Este planteamiento habría podido ser el eje de la vertebración de la España actual, con un catalanismo consciente de sí mismo pero bien integrado en el conjunto nacional español. El nacionalismo lo cambió todo. Infundió en este espíritu las (siniestras) novedades elaboradas por los franceses, que atañen a la superioridad de la raza y a la necesidad de preservarla en su pureza. Ya no era una superioridad negociada y sentimental, con elementos prácticos venidos del fondo rural y comercial de la cultura catalana. Ahora se trataba de reivindicar una identidad propia en la que tomaba el primer plano la obsesión racial de finales del siglo XIX, cuando nacen los nacionalismos modernos en plena crisis de los regímenes constitucionales y la nación liberal.
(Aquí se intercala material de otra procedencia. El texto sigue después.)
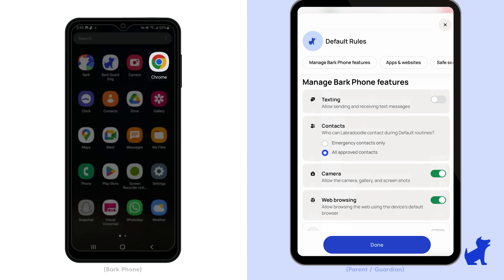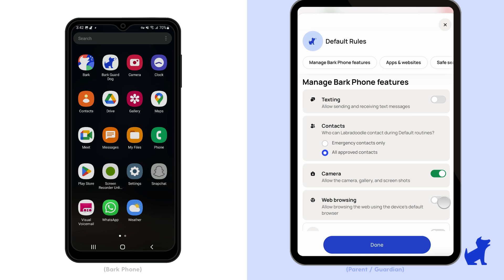When you tap block browsing here, it completely disappears the browser apps installed on your kid's device. In this example, it completely removed the Chrome app from the device. This also includes if your kid tries to install another browser app or use a social media app's browser — they'll still be unable to browse sites on browsers when this setting is blocked.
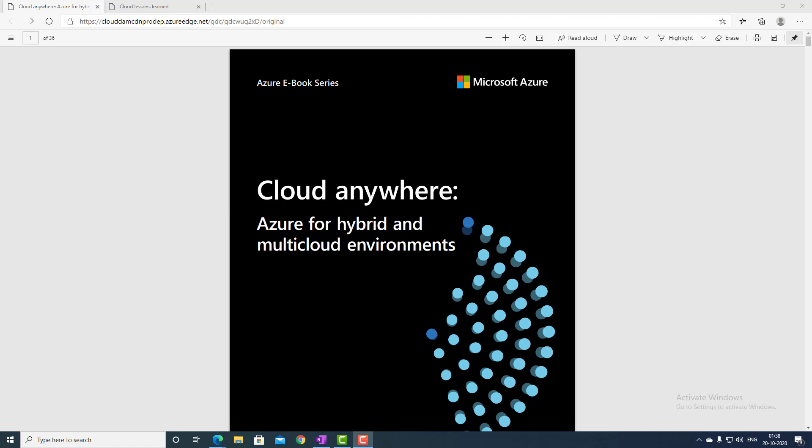Once you click on the URL, you will get this PDF file — it is 36 pages. This book is related to the hybrid cloud and the multi-cloud environment. Let's see what it is and how it is helpful for us as a solution architect or technical architect for the cloud.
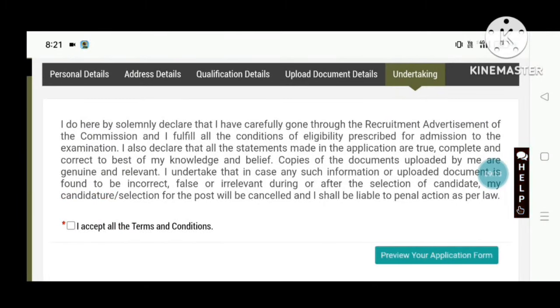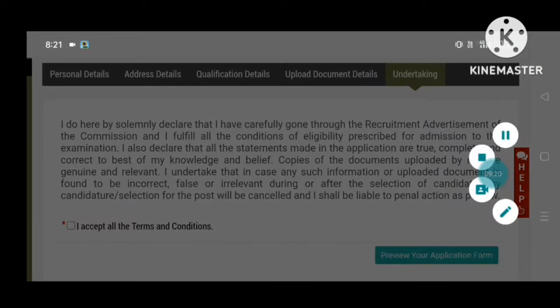This is very, very important information about successfully completing the application. Bye-bye.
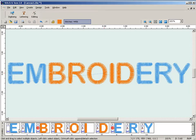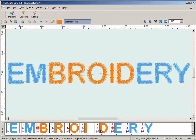So when you output this to a machine, this will actually be seen in EXP, DST, or TAP format as a three-color section design: the first color on the left of the stop sign, the middle color between the two stop signs, and the last color on the right side.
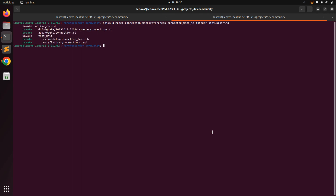Now generate this command and run the migration. You can see it will give you a migration and a model file as connection.rb. Run: rails db:migrate. This will create the table for the Connection model in our schema.rb.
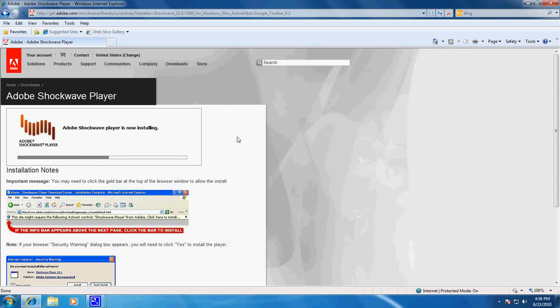I've worked on better, and I've definitely worked on worse. Here is Adobe Shockwave Player installing. It'll run through on the installation. Now this is a decent little connection I'm working on here.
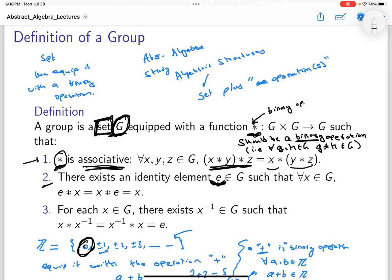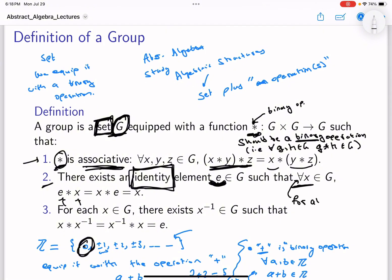Second, there should be in G an element that we call an identity. This is a very important concept. There should be an element called the identity, and this element satisfies the property that whenever you perform the operation with e — we'll call the identity e — for all x in G, it should be that x ★ e = e ★ x = x.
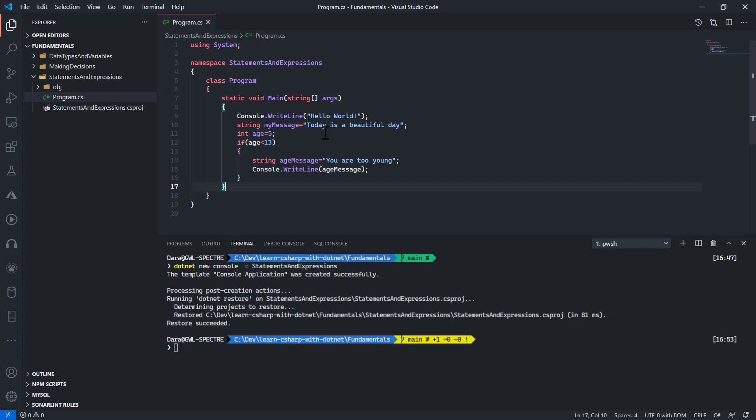That is a little bit about statements and expressions in C#. There is a whole lot more that comes by practice.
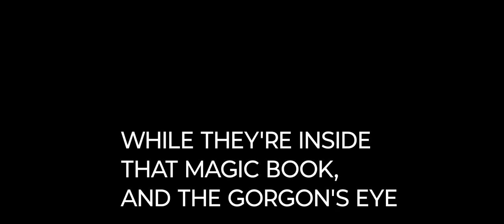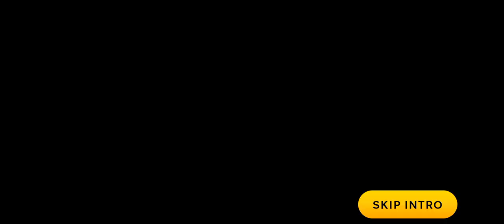I don't know what to do! I can't even try attacking those toons while they're inside that magic book! And the Gorgon's Eye turns any defense monster I throw to stone! It all just seems so hopeless!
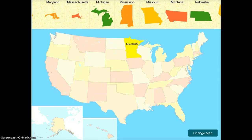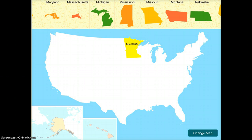USA Map Puzzle is a fairly simple app to use for any age student. You can see here that all the states are outlined in this version. If you tap the change map button on the bottom right hand corner, you can make it harder by taking away the outlines.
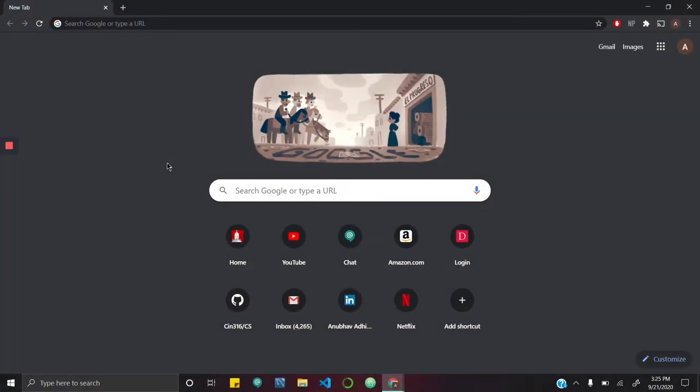Hey everyone, this is Anubha from Educational Technology Services. In this video, I'm going to show you how you can install and download Google Drive File Stream on your computer so that you can natively access your Google Drive files from your local computer or any computer on Denison's campus.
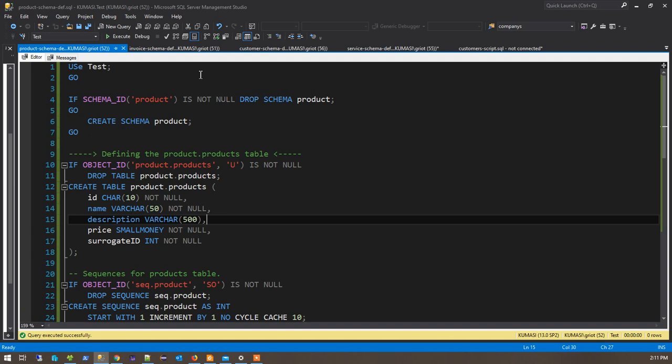Hi. When I looked over the video on regular expressions, pattern matching, and check constraints, I noticed there were some problems. I also noticed that moving forward, when we need to talk about foreign keys, the way things were defined was going to make things somewhat confusing and fairly difficult. So I redesigned all the tables so that you can see, and so it will be easy to set the foreign key relationship between them.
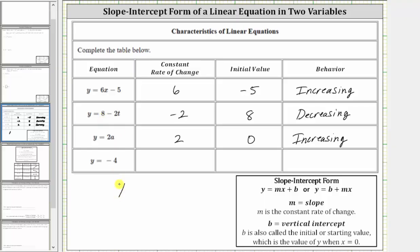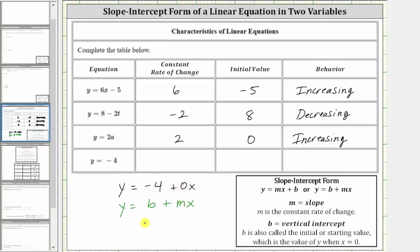The last equation is y equals negative four. Notice how we only have a constant term, so this fits the form y equals b plus mx. We can think of this as negative four plus zero x, and therefore the slope m is zero, and b, the vertical intercept or initial value, is negative four. So the constant rate of change is zero, the initial value is negative four, and because the slope is zero, the behavior is horizontal.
Los nacionalistas catalanes se descubrieron a sí mismos, como todos los nacionalistas de todos los países, formando parte de un grupo o una cultura superior. A todo esto se añadió la naturaleza mediterránea de la sociedad catalana, que la hace particularmente proclive a la endogamia y a la corrupción. Aunque atemperado por el catolicismo de Prat de la Riba y por la visión global de algunos grandes empresarios, como Cambó, el nacionalismo se nutrió de todos estos elementos.

Las consecuencias prácticas de estas posiciones varían. Todo nacionalismo se nutre del miedo a que el organismo social se vea parasitado por agentes extraños que acaban provocando la degeneración del primero y, al cabo, su extinción. Aquí resuenan todas las teorías, o las paranoias, darwinistas y regeneradoras propias de hace un siglo. Visto así el problema, la única solución es la independencia: sólo de ese modo se salvará la lengua, la cultura, la identidad.
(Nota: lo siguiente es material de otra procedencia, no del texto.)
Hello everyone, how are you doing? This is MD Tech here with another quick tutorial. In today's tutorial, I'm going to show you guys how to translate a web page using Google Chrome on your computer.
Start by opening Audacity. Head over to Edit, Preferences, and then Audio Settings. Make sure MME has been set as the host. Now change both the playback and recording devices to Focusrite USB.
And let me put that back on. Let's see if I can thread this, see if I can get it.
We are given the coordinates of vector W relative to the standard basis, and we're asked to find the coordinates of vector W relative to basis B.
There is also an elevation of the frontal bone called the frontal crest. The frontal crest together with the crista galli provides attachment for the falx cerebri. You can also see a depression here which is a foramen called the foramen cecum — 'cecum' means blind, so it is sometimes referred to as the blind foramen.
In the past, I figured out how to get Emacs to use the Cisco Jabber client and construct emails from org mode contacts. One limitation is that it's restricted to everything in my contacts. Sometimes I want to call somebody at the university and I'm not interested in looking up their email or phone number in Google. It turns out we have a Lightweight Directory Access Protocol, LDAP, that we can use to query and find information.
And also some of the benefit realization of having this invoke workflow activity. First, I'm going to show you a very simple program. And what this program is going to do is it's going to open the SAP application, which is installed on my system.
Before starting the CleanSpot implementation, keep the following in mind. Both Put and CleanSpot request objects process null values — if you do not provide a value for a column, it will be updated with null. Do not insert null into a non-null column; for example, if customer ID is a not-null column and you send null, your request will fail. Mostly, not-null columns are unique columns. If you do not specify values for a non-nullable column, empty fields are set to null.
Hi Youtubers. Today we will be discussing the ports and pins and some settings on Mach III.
El enemigo del nacionalismo no es, como se ha dicho tantas veces, exterior. Al revés, es interno, y difícil de distinguir de los autóctonos, con los que comparte numerosos. Esto es lo peligroso, aunque abre otra posibilidad, menos tajante que la anterior de la independencia, que es la nacionalización del extraño antes de que provoque la degeneración y la destrucción del organismo original. En este caso están a disposición del nacionalismo toda clase de experimentos de ingeniería social, algunos muy crudos y otros enrevesados y difíciles de entender. La transformación de una manifestación antiterrorista en otra antiislamófoba es un ejemplo.

Hay otra solución, que el nacionalismo catalán ensayó en su momento, que es el imperialismo. (El profesor Enric Ucelay-Da Cal le dedicó un estudio monumental y clásico) El imperialismo aspiraba –en términos no del todo cínicos– a extender la civilización y la cultura a los pueblos inferiores. Lo mismo quisieron hacer algunos de los fundadores del nacionalismo catalán. Se trataba de contribuir a civilizar una España atrasada. Esta misión de modernización ha estado presente en el nacionalismo desde Cambó hasta Pujol.
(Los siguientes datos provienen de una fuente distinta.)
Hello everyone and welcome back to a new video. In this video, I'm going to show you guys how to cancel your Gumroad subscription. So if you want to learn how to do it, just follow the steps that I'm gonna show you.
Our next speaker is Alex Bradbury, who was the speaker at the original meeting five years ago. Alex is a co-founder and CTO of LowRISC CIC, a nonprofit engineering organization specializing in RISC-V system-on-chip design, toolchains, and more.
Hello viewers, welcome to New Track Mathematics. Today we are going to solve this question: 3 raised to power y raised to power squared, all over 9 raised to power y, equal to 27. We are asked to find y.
Esta forma de superioridad, y la idea de que Cataluña es la palanca crucial para la modernización –ya que no la civilización– de España forma parte de los tópicos nacionalistas, elevados a rango de «señas de identidad» de la Cataluña del siglo XX. Sigue presente en la cultura catalana, pero también en buena parte de la mentalidad progresista española. Así lo demuestra la obsesión por relacionar la solución del llamado problema catalán con una nueva ola de modernización de nuestro país, tan presente en el debate político actual y no siempre a medias palabras, como sería de esperar dada la realidad de la sociedad española, que nada tiene ya que ver con estos clichés. Al revés, el nacionalismo, en vez de acentuar el papel de Cataluña como modernizadora de España, la ha llevado a ensimismarse, y aunque siga siendo una de las zonas más ricas del país, no lo es ya como antes, ni es ya esa vanguardia que una vez fue.

El efecto del nacionalismo ha sido por tanto perverso para la supuesta superioridad catalana. Aun así, la obsesión sigue vigente, apoyada además en esa mentalidad progresista española que lleva a ver lo propio como algo fracasado, una realidad con la que no es posible identificarse del todo y de la que el auténtico progresista tiende a avergonzarse, como ocurrió durante mucho tiempo. Aunque los nacionalistas catalanes han renunciado a su misión de civilizar España, no todo el progresismo español ha dejado de soñar con que alguien o algo modernice de una vez su propio país.